Dataset extract -

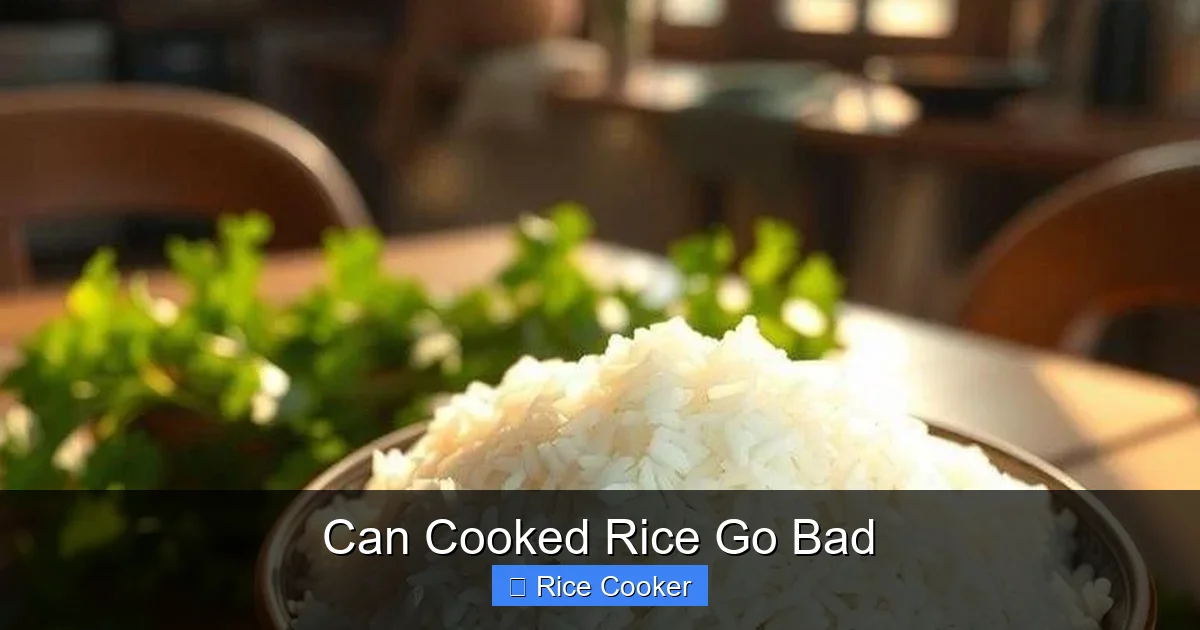 Can Cooked Rice Go Bad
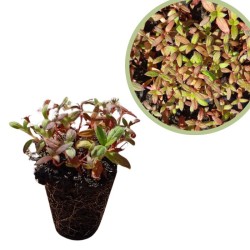 Cistus ladanifer Alveolo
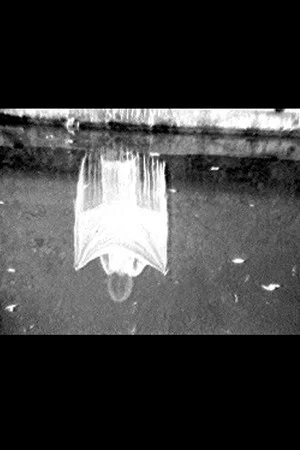 Постер: Disturbances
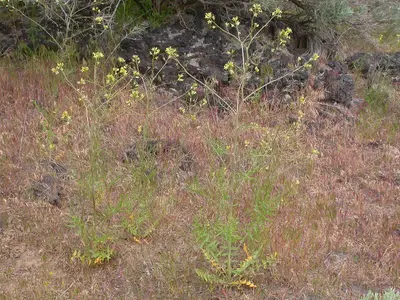Sisymbrium altissimum (5006629120)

Task -
Without any of the pictures, reproduce the listing above exactly.

Task solution -
 Can Cooked Rice Go Bad
 Cistus ladanifer Alveolo
 Постер: Disturbances
Sisymbrium altissimum (5006629120)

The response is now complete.